22 Comments

  1. This point was made very clear to any AT&T customer who asked about the new plan. Besides, who possibly could expect their monthly bill to be significantly reduced without any changes to the services offered?

      1. Actually, AT&T did explain that. To be fair, I was pretty well armed with the facts, and I have dealt with the same salesman since, at least, my iPhone 3G.

        The family plan worked for me to switch from the grandfathered “unlimited” plan because there are four iPhones in my family, and I wanted the ability to tether.

        If anything, I will probably upgrade with EVERY new released iPhone rather than every other. The used ones will just bounce down the line to wife and sons. The outlay is more at purchase time, but I can decide exactly when, and if, I want to upgrade.

  2. There’s no getting around the fact that T-Mobile has finally brought competition to the cell phone industry. The days of the subsidized cell phone shell game are over. With T-Mobile your bill includes an interest free loan to finance your phones, and when the phones are paid for your bill drops by the amount of the loan payment. AT&T and others can try to beat that, but they never were actually subsidizing phones. They were simply charging you a recovery fee for the up-front discount they gave you, and that recovery fee wen ton for as long as you owned a phone from that carrier, basically forever.

    Now the screw-the-customer game is over. I expect that we will see lower and lower down payments now, as carriers scramble to attract and keep customers now that the corral gates have been opened. Zero down payments on an interest free phone purchase loan will drive phone upgrades now, and I doubt to will seriously impact Apple. It may impact Samsung though, if you can walk in and pick up an iPhone for nothing out of pocket on a two year purchase plan. Samsung counts on price sensitive customers, and those would be most affected by these changes.

  3. I chose not to change my plan, keeping both unlimited data lines to prevent any upgrade disruptions.

    If Apple does release two phones separately, months a part, that can pose a complication in my upgrade plans though.
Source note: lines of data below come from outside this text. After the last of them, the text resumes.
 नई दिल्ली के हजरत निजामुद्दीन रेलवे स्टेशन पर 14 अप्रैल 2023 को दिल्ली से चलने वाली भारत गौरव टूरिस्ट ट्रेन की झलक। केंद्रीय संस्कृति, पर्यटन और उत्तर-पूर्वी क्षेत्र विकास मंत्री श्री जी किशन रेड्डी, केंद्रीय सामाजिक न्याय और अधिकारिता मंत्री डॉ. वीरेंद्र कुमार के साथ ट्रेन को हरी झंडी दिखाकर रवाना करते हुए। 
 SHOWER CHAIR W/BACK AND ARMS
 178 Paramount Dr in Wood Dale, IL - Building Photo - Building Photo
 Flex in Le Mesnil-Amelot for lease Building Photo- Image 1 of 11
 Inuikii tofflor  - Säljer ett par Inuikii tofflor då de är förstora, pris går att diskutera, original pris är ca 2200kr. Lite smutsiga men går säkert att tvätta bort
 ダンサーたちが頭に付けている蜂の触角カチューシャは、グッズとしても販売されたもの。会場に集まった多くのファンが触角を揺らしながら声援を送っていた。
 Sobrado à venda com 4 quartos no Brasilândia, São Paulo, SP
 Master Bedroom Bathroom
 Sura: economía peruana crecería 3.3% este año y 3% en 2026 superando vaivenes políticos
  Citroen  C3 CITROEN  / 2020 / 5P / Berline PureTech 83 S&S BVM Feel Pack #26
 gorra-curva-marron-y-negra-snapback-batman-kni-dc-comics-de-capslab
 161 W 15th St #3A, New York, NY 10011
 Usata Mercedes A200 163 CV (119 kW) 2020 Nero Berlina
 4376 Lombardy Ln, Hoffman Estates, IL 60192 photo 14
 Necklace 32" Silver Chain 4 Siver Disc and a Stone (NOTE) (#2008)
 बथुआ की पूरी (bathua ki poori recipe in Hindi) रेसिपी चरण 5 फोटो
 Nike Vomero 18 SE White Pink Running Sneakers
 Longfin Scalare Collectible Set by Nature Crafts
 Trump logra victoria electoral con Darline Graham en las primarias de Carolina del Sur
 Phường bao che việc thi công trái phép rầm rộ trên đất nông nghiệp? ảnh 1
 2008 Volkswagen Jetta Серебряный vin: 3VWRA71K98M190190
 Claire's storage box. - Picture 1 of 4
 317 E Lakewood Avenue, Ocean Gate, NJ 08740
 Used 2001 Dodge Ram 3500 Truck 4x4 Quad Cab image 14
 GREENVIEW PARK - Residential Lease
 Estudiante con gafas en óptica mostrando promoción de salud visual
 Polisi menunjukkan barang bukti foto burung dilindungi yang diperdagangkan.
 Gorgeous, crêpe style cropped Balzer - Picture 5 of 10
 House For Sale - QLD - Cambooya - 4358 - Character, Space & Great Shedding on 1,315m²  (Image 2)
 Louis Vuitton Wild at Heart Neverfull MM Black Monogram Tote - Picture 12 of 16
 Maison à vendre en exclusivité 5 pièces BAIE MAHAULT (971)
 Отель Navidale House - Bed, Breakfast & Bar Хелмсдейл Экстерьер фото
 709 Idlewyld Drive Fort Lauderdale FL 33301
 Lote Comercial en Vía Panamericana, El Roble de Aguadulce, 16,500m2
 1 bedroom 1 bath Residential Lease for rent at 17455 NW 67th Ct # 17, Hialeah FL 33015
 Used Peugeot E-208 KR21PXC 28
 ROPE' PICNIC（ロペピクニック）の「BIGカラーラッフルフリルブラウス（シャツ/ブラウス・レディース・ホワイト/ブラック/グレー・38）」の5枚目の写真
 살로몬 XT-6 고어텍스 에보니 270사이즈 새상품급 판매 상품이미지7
      1. If they announce both phones at the same time, then I will pick the best one, most likely based on the camera. If they both have the same camera then I will get the 4.7. If they don’t announce the 5.5 but do 3 months later and it has the hinted better camera, I am going to have a hard time. My purchase pattern is 1 iPhone per year. I have two lines and interleave them. I sell my oldest phone and only end up spending $100 in the end.

  4. There’s a way to avoid the switch to the much more expensive Next plan. Simply pay full retail for your new iPhone, then swap out your old iPhone for the new one on your current share plan. You can then sell your old iPhone to subsidize the new one yourself.

    The new Next plan continues the subsidy, so you do get the new iPhone at a lower upfront cost, however, you lose ownership of the new phone if you trade it in next year. If you keep it for two years, you’ll get to keep the phone, but you will have doubled your purchase price with Next’s higher rates.

    Much better to pay upfront and stay on your current share plan.

  5. Or, pay for it in full and don’t pay $25 increase. This is not fine print, anyone who looked into it should realize that you pay $15 for a paid-in-full smartphone or $40 for a subsidized one. It is actually very clearly stated in a large table, not the fine print. I switched to the plan since 10GB is plenty for us and I only upgrade about every 2.5-3 years (waiting for the new iPhone, which I’ll pay full price for). I’d rather own my phone than subsidize it anyway.

    1. The $15/40 price difference only applies to data plans of 10GB or more. Data plans under 10GB have a $25/40 different, in which case it would actually be $90 more expensive over the course of 2 years if you paid for your phone in full.

  6. iPhone buyers have realized the subsidized phone deals are a cheat and most iPhone buyers can easily pay for the phone upfront specially when they get a great savings on their monthly wireless bills.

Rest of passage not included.